▶ [Exercise objective] With the images removed, repeat the data below exactly.

▶ [Material shown]

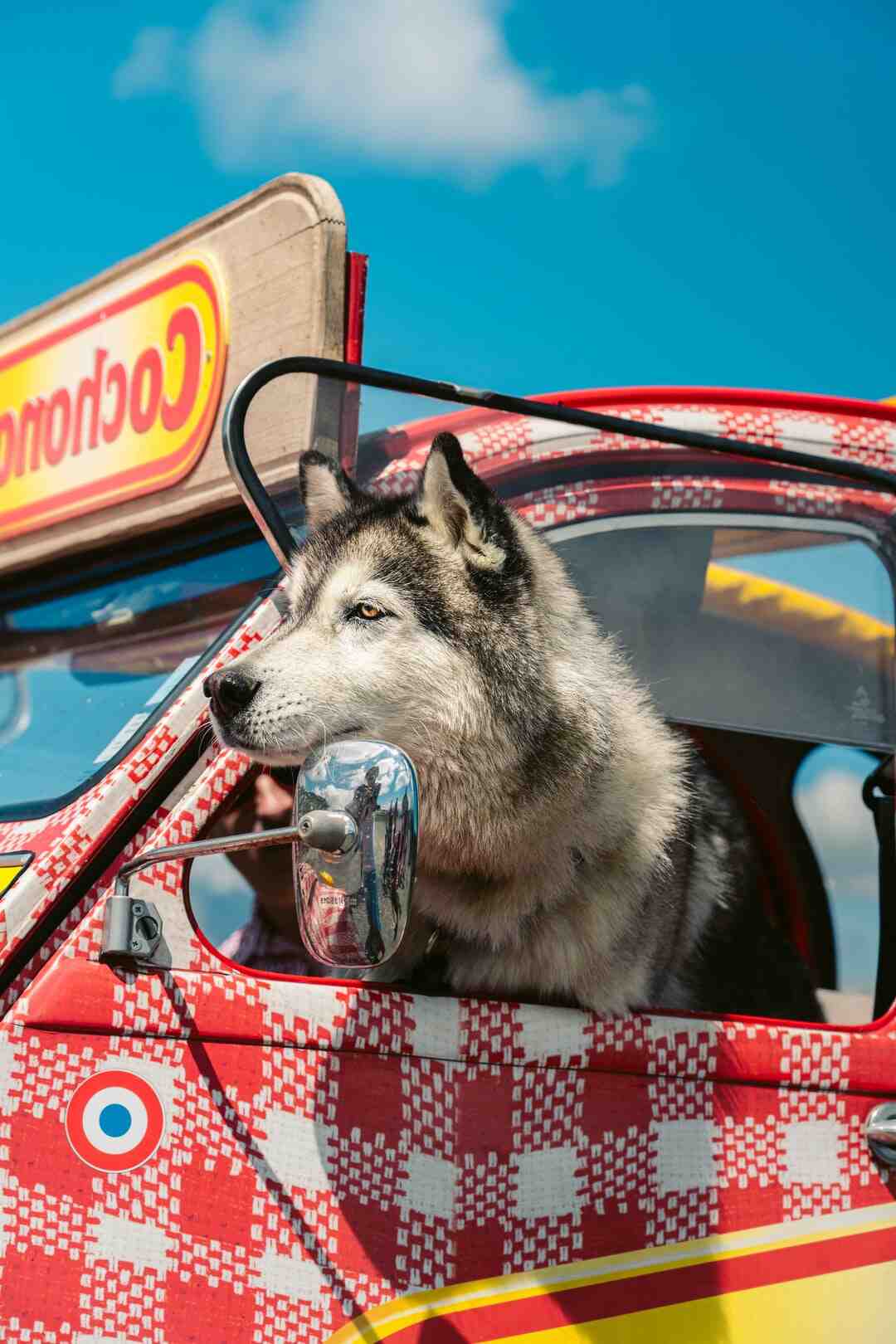 Comment avoir des animaux sur les Sims FreePlay ?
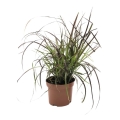 Rozplenica Rubrum sadzonka w donicy 2l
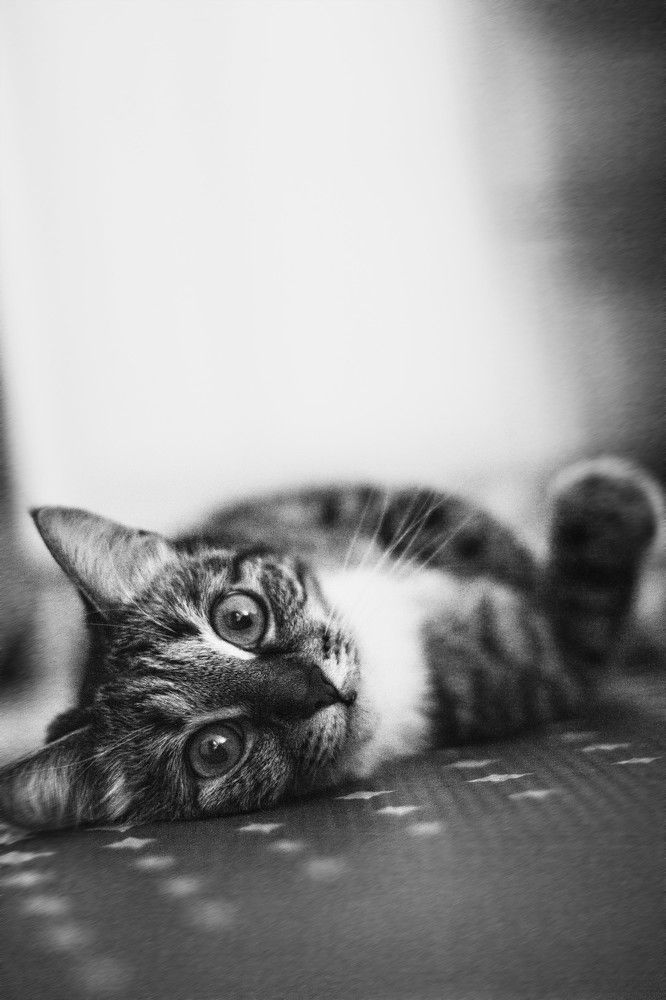 Photograph by Ольга Ажакина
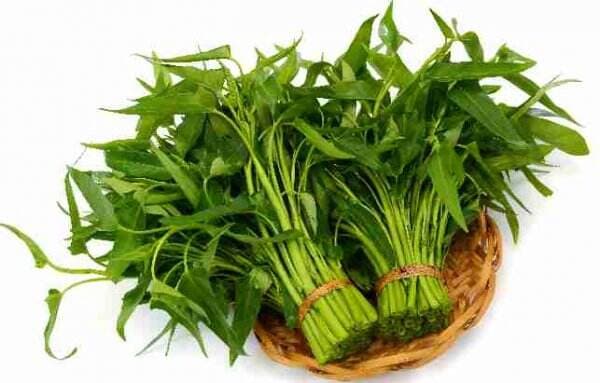 Nggak Disangka, Ini 15 Manfaat Sayur Kangkung Bagi Kesehatan! Nggak Disangka, Ini 15 Manfaat Sayur Kangkung Bagi Kesehatan!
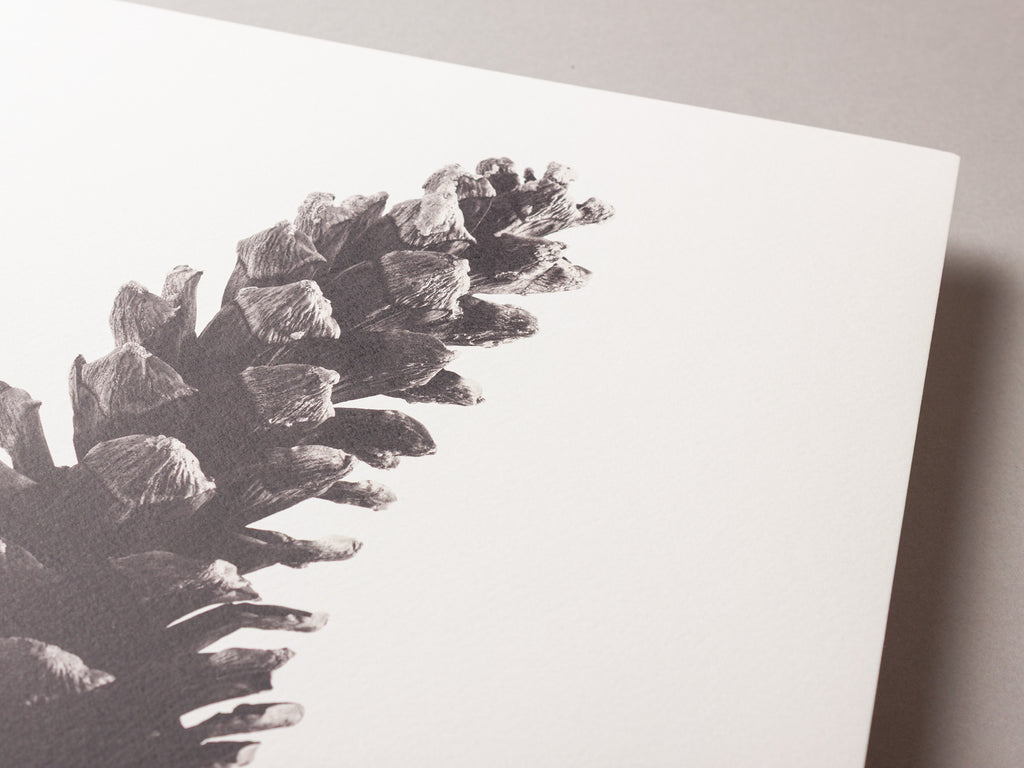 Long pine cone – FOUND 30 x 40cm Art Print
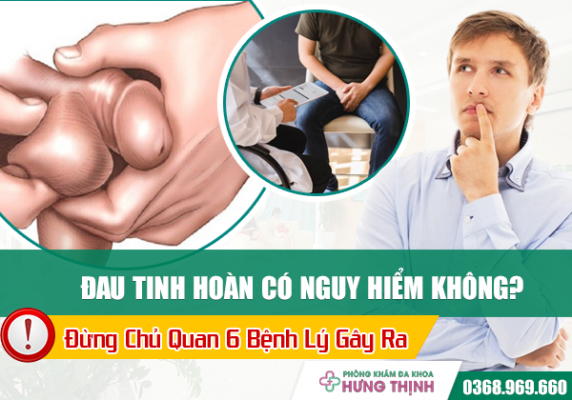 Đau Tinh Hoàn Có Nguy Hiểm Không? Đừng Chủ Quan 6 Bệnh Lý Gây Ra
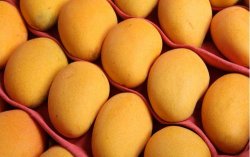 <strong>芒果园采摘后的管理要点</strong>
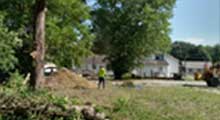 site-811-tree-removal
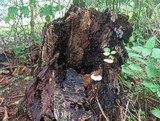 Lepiota besseyi image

▶ [Written solution]
 Comment avoir des animaux sur les Sims FreePlay ?
 Rozplenica Rubrum sadzonka w donicy 2l
 Photograph by Ольга Ажакина
 Nggak Disangka, Ini 15 Manfaat Sayur Kangkung Bagi Kesehatan! Nggak Disangka, Ini 15 Manfaat Sayur Kangkung Bagi Kesehatan!
 Long pine cone – FOUND 30 x 40cm Art Print
 Đau Tinh Hoàn Có Nguy Hiểm Không? Đừng Chủ Quan 6 Bệnh Lý Gây Ra
 <strong>芒果园采摘后的管理要点</strong>
 site-811-tree-removal
 Lepiota besseyi image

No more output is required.